The Federal Emergency Management Agency (FEMA) recently unveiled its National Risk Index (NRI) for natural hazards. The online mapping application identifies communities most at risk for 18 types of events. It visualizes the risk metrics and includes data about expected annual losses, social vulnerabilities, and community resilience.
Zuzak explained that the NRI draws from a wide range of data and analytics resources and considers the probabilities or frequencies of 18 natural hazards and the population and property value exposed.

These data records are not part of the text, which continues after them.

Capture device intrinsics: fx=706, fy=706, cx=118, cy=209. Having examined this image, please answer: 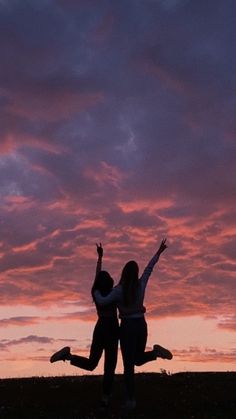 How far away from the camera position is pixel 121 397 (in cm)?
2306

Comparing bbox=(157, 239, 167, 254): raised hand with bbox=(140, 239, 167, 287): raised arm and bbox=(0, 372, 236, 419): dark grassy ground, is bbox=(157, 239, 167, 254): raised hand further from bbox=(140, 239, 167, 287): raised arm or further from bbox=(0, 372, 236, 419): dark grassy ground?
bbox=(0, 372, 236, 419): dark grassy ground

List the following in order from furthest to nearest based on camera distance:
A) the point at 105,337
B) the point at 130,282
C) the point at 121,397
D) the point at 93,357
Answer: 1. the point at 121,397
2. the point at 93,357
3. the point at 105,337
4. the point at 130,282

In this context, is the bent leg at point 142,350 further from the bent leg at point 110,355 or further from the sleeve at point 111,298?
the sleeve at point 111,298

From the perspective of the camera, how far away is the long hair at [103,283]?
2098 centimetres

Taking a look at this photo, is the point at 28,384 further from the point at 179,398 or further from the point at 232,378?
the point at 232,378

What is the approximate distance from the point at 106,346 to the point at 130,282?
2169 mm

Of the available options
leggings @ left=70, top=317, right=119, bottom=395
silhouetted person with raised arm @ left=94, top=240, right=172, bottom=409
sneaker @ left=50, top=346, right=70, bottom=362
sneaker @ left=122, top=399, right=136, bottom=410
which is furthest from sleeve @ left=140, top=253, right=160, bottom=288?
sneaker @ left=122, top=399, right=136, bottom=410

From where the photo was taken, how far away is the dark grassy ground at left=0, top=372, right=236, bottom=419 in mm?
21281

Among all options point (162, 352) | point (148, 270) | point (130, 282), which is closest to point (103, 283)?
point (130, 282)

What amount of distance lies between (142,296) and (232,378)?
7.67m

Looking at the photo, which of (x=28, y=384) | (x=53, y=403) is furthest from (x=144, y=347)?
(x=28, y=384)

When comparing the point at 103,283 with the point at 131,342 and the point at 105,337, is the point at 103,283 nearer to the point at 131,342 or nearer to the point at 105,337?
the point at 105,337

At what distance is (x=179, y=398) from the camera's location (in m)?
23.1

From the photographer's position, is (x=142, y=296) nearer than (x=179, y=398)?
Yes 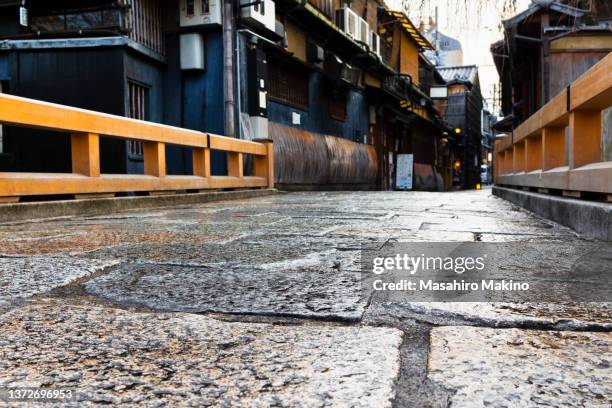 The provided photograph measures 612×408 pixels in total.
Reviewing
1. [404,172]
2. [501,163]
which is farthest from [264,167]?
[404,172]

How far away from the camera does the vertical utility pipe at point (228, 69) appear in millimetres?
10016

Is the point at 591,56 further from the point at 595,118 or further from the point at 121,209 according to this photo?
the point at 121,209

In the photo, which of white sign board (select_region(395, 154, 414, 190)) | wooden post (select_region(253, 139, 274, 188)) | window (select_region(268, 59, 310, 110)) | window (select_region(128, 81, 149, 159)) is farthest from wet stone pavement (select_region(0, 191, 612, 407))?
white sign board (select_region(395, 154, 414, 190))

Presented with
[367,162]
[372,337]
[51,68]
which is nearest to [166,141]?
[51,68]

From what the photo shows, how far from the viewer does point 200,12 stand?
10055 mm

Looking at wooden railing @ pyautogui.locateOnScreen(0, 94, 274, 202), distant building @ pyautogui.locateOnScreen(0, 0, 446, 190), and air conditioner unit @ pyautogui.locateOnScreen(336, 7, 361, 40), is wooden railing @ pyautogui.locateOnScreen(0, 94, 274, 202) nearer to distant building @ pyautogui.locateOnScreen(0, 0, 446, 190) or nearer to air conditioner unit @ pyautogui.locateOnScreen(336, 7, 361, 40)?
distant building @ pyautogui.locateOnScreen(0, 0, 446, 190)

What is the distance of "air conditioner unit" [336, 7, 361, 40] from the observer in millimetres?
A: 15164

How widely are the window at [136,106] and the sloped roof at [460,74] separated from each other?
29326 millimetres

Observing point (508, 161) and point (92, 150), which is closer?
point (92, 150)

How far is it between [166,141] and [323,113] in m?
9.11

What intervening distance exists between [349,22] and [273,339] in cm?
1560

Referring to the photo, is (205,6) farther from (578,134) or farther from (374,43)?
(374,43)

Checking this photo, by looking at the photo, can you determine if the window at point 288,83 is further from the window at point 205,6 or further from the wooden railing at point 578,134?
the wooden railing at point 578,134

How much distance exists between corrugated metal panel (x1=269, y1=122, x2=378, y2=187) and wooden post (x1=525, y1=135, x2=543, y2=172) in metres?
6.46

Expected annual loss is calculated separately for each hazard, then summed to generate a composite score for all 18.
NRI enables FEMA to talk with communities about specific risks, identify high-impact mitigation opportunities, and learn how they can make the best use of their risk-management resources.
“NRI wasn’t built in a silo,” Zuzak said. “We brought in local and county and state governments, tribal and territorial governments to make sure we had the best available data. We also brought in academia, nonprofit organizations, and private industry to make sure we had everyone’s input.”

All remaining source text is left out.